Last updated: 2020-11-05 14:34:22


    When performing stress testing on CLB, you may encounter connection failures caused by too many client TIME-WAIT (all ports are occupied in short time). Below are reasons and solutions:

    Linux parameter description

    tcp_timestamps: whether to enable TCP timestamps. A timestamp is negotiated in TCP three-way handshake. If either party does not support this parameter, it will not be used in this connection.
    tcp_tw_recycle: whether to enable reuse of TCP TIME-WAIT state.
    tcp_tw_reuse: when enabled, connections in TIME_WAIT state that exceeds 1 second can be directly reused.

    Cause Analysis

    The client has too many TIME_WAIT because it proactively closes connections. When the client closes a connection, the connection will enter TIME_WAIT state and be reused after 60 seconds by default. In this case, you can enable tcp_tw_recycle and tcp_tw_reuse parameters to facilitate reuse of connections in TIME_WAIT state.
    If tcp_timestamps is currently disabled on CLB, tcp_tw_recycle and tcp_tw_reuse parameters enabled by the client will not take effect, and connections in TIME_WAIT state cannot be quickly reused.
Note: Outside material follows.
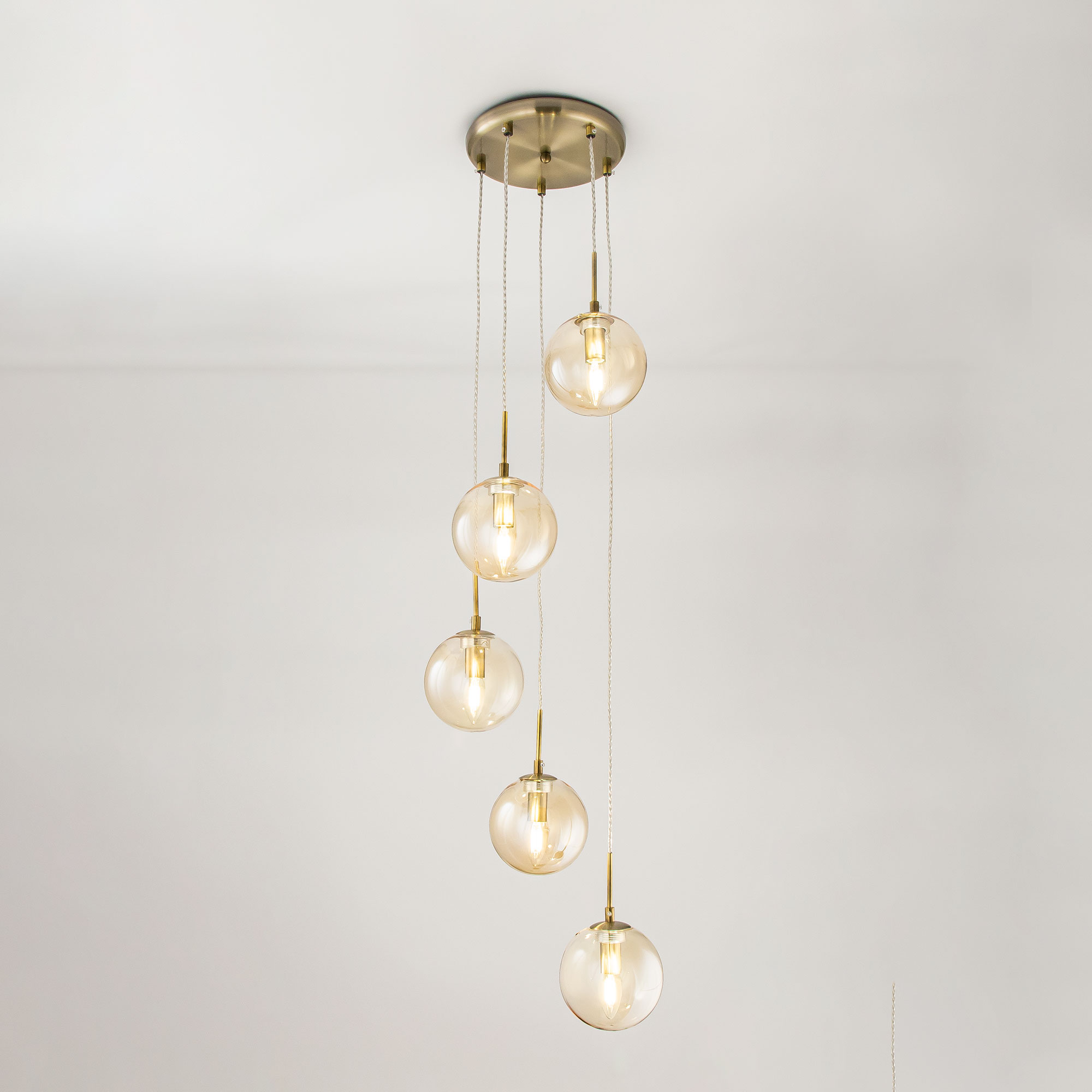 Citilux Томми CL102053 Подвесной светильник Бронза арт. 88550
The following describes some Linux parameters and reasons why tcp_timestamps cannot be enabled on CLB:

    1. tcp_tw_recycle and tcp_tw_reuse only take effect when tcp_timestamps is enabled.
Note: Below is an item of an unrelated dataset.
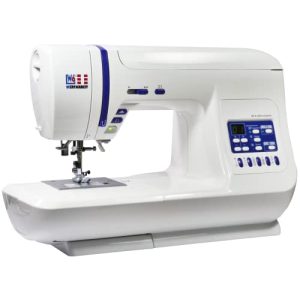 Máquina de coser W6 WERTARBEIT W6 N 3300 exclusiva, brazo libre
    2. tcp_timestamps and tcp_tw_recycle cannot be enabled at the same time, because the public network client may fail to access the server through the NAT gateway. The reasons are as follows:

    If both tcp_tw_recycle and tcp_timestamps are enabled, timestamp in the socket connect requests of the same source IP (same server) must be incremental within 60 seconds. Taking 2.6.32 kernel as an example, the details are as follows:

    tmp_opt.saw_tstamp: this socket supports tcp_timestamp
    sysctl_tw_recycle: tcp_tw_recycle has been enabled for this server
    TCP_PAWS_MSL: 60s; the last TCP communication of the source IP occurred within 60 seconds
    TCP_PAWS_WINDOW: 1; the timestamp of the last TCP communication of the source IP is greater than that of this TCP communication

    1. On CLB (Layer-7), tcp_timestamps is disabled because the public network client may fail to access the server through the NAT gateway, as shown in the example below:

    a. A quintuple is still in TIME_WAIT state. In the port allocation policy of the NAT gateway, the same quintuple is reused in twice the maximum segment lifetime (2MSL), and an SYN packet is sent.

    b. When tcp_timestamps is enabled and the following two conditions are met, the SYN packet will be dropped (because timestamp option is enabled, and the packet is considered as old).
    i. Timestamp of last time > Timestamp of this time
    ii. Packets are received within 24 days (the timestamp field is 32-bit and the timestamp is updated once per 1 millisecond by default in Linux. The timestamp will wrap around after 24 days).
    Note: This problem is more obvious on mobile devices because clients share limited public network IPs under the ISP's NAT gateway and a quintuple can be reused in 2MSL. The timestamps sent from different clients may not be incremental.
    Taking 2.6.32 kernel as an example, the details are as follows:

    rx_opt->ts_recent: timestamp of last time
    rx_opt->rcv_tsval: timestamp received in this time
    get_seconds(): current time
    rx_opt->ts_recent_stamp: time when the previous packet was received


    If the client has too many TIME_WAIT, see below for solutions:

    1. HTTP uses non-persistent connections (Connection: close). In this case, CLB proactively closes the connection, and the client will not generate TIME_WAIT.

    2. If the scenario requires a persistent connection, enable SO_LINGER option of the socket and use RST to close the connection to avoid the TIME_WAIT state and achieve fast port reuse.